Task to carry out:
Given the material below, return only the lines starting at the line with "Cherry Blossom Avenue" and ending at the line with "Multi Strand Wood", exactly as they appear.
═════ Records shown
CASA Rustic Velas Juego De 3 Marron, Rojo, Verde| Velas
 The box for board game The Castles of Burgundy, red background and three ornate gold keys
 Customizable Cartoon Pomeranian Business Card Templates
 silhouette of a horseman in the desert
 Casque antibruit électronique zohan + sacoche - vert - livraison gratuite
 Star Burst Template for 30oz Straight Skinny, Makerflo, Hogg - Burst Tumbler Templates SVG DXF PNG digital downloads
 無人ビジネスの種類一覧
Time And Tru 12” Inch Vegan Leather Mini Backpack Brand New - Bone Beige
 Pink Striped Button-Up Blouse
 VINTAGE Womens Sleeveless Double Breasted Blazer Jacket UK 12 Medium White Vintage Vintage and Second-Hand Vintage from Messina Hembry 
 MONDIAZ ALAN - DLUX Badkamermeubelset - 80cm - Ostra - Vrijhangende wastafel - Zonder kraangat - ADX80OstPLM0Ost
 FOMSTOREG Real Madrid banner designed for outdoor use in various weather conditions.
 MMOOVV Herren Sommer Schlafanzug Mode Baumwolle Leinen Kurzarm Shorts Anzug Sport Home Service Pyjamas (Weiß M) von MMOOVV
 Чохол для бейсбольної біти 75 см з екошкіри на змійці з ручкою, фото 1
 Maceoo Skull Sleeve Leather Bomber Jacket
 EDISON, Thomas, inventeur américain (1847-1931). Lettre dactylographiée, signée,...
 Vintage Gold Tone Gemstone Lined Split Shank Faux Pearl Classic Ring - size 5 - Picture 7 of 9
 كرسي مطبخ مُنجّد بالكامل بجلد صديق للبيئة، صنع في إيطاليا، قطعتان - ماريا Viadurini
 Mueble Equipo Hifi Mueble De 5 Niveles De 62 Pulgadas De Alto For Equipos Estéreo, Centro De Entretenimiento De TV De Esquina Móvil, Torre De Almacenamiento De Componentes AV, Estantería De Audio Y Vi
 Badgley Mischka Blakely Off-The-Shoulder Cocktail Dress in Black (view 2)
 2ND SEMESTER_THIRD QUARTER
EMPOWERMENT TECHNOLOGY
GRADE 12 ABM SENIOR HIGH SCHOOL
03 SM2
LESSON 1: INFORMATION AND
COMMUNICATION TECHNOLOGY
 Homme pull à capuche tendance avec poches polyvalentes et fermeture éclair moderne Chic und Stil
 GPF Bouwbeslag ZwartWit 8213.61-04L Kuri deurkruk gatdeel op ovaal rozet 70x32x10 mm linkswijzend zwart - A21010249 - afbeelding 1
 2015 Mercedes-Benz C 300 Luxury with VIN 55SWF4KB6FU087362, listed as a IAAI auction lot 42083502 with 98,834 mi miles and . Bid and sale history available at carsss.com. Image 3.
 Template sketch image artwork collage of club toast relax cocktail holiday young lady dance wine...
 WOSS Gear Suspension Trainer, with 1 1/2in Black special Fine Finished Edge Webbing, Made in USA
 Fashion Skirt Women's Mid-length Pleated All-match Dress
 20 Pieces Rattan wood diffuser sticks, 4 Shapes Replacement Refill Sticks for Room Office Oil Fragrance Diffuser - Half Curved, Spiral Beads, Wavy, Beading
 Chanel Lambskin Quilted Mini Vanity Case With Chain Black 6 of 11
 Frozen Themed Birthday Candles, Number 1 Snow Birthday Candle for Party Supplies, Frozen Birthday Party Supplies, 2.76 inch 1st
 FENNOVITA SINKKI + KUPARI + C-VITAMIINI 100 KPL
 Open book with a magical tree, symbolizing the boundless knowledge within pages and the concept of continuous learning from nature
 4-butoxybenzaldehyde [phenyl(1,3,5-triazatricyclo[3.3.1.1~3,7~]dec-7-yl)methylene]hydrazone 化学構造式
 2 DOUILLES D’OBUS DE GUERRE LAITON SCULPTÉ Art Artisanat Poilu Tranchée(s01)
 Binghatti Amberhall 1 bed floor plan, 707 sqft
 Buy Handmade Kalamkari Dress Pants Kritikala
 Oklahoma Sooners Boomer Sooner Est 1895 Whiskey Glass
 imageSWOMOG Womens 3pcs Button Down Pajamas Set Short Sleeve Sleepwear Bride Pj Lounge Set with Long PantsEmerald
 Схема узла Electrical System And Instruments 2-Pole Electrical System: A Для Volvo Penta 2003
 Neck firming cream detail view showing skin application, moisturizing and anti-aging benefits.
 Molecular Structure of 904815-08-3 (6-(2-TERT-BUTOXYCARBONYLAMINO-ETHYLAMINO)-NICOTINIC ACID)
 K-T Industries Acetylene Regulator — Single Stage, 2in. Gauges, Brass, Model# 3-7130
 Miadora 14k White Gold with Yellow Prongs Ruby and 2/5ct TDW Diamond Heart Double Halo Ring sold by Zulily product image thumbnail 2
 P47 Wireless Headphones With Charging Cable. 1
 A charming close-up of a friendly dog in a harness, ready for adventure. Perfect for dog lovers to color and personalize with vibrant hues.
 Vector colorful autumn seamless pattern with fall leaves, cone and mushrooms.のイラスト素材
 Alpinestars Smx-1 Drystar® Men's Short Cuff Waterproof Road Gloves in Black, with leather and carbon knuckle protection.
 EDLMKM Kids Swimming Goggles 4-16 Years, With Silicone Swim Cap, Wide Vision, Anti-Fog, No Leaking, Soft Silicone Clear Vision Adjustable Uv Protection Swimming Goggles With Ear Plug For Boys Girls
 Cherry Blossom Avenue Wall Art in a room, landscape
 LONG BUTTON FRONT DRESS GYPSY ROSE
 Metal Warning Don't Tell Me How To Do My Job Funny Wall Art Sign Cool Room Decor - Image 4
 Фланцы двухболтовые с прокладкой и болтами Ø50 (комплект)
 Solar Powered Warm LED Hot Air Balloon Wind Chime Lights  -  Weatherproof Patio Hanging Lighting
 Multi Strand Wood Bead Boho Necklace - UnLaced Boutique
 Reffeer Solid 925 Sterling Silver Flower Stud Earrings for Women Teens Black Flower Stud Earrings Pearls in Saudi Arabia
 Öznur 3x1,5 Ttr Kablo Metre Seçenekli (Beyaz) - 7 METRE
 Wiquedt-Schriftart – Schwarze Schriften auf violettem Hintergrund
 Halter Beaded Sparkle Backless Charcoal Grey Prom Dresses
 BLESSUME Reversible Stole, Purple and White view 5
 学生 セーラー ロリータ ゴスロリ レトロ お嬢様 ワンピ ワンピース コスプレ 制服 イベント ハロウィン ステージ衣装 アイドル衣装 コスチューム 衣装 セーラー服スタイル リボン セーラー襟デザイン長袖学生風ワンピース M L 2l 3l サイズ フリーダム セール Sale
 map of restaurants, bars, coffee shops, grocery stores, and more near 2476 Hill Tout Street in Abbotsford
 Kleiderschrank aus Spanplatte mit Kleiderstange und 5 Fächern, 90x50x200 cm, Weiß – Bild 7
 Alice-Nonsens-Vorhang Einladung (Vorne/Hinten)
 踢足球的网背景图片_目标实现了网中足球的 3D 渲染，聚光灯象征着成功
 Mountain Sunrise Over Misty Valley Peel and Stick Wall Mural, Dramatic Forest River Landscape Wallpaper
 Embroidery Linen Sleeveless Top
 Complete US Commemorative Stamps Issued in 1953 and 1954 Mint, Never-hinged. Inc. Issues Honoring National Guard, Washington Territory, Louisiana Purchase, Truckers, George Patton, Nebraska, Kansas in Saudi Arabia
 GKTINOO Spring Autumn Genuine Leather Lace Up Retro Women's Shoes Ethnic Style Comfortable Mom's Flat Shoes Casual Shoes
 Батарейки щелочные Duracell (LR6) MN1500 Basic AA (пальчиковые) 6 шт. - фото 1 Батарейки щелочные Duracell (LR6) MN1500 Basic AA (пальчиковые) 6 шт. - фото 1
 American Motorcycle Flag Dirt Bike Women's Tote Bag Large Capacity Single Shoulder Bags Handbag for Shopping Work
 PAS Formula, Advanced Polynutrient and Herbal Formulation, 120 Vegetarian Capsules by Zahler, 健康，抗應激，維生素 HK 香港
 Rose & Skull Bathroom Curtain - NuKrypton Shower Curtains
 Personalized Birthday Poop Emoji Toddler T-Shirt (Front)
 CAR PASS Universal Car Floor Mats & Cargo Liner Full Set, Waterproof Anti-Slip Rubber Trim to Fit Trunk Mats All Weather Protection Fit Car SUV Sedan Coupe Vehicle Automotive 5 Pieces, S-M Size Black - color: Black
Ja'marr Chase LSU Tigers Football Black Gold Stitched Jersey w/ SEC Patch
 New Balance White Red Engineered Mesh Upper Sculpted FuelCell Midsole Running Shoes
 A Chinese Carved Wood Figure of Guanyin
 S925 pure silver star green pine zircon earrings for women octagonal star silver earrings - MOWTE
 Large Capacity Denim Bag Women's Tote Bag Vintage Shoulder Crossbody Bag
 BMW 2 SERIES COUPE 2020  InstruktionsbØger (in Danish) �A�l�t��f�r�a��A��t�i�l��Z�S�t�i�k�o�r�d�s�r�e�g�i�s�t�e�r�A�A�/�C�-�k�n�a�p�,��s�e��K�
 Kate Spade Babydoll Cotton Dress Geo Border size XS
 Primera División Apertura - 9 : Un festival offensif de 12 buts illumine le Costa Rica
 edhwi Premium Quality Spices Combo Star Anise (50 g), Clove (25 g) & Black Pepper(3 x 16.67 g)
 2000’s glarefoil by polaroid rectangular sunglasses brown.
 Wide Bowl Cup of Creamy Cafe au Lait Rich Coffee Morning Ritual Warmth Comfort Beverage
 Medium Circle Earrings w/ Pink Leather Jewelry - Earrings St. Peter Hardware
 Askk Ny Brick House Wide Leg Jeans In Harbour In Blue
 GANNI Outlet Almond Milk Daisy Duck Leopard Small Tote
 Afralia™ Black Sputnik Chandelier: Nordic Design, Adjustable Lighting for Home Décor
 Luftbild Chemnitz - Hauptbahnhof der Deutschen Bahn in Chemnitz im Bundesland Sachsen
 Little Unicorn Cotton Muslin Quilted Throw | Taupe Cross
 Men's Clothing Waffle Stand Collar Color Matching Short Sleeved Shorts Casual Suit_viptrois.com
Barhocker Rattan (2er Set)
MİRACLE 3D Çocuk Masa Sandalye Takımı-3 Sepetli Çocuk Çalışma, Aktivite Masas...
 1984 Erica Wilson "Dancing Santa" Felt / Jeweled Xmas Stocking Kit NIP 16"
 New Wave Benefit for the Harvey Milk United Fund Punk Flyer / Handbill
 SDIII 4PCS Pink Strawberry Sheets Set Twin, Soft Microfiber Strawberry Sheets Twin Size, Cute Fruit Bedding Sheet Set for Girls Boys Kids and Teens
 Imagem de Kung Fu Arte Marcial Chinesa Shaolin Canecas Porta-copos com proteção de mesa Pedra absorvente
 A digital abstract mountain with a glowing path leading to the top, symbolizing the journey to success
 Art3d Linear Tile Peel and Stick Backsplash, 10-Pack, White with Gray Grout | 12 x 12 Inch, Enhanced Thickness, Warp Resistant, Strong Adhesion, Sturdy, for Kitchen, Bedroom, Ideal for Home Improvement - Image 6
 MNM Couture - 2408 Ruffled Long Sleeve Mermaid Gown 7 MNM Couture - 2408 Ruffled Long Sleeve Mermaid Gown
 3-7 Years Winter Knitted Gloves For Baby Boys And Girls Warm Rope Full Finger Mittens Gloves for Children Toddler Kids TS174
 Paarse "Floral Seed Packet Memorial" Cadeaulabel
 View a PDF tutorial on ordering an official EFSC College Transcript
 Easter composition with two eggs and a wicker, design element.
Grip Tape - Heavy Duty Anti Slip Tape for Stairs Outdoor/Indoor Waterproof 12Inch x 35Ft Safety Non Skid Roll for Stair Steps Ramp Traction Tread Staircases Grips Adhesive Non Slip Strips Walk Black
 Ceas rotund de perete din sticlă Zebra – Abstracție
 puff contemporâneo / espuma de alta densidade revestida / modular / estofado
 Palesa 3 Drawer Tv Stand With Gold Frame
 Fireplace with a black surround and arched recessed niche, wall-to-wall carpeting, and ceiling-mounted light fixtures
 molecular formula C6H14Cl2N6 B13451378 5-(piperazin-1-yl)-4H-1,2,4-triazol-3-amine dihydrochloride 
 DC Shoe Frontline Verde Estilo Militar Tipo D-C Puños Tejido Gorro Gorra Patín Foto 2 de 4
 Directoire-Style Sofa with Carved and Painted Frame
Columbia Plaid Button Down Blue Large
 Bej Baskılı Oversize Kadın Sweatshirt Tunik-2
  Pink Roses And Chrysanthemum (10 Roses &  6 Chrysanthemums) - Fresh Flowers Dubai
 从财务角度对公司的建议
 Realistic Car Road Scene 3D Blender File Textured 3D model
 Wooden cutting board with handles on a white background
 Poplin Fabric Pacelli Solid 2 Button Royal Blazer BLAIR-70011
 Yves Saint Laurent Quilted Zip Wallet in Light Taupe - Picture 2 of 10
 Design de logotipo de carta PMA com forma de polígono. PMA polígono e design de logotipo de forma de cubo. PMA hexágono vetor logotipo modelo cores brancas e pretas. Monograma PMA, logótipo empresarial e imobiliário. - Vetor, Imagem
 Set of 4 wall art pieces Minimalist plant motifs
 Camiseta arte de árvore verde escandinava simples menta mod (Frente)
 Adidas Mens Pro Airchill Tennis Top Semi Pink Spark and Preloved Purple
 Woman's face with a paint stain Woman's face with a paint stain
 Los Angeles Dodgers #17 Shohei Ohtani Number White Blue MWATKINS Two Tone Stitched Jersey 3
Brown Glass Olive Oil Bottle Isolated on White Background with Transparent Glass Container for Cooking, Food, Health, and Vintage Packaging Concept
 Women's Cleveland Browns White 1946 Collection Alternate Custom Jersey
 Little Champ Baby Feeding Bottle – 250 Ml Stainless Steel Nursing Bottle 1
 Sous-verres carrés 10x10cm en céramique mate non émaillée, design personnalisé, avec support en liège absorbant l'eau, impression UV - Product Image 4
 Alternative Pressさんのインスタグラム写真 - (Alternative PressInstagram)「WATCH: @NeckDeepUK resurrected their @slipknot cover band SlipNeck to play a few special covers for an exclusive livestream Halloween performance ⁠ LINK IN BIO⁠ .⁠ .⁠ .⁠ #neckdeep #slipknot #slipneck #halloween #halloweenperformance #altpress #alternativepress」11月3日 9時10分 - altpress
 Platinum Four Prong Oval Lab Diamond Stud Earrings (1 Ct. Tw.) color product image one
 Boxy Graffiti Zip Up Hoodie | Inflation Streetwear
══════════
Response to the task:
 Cherry Blossom Avenue Wall Art in a room, landscape
 LONG BUTTON FRONT DRESS GYPSY ROSE
 Metal Warning Don't Tell Me How To Do My Job Funny Wall Art Sign Cool Room Decor - Image 4
 Фланцы двухболтовые с прокладкой и болтами Ø50 (комплект)
 Solar Powered Warm LED Hot Air Balloon Wind Chime Lights  -  Weatherproof Patio Hanging Lighting
 Multi Strand Wood Bead Boho Necklace - UnLaced Boutique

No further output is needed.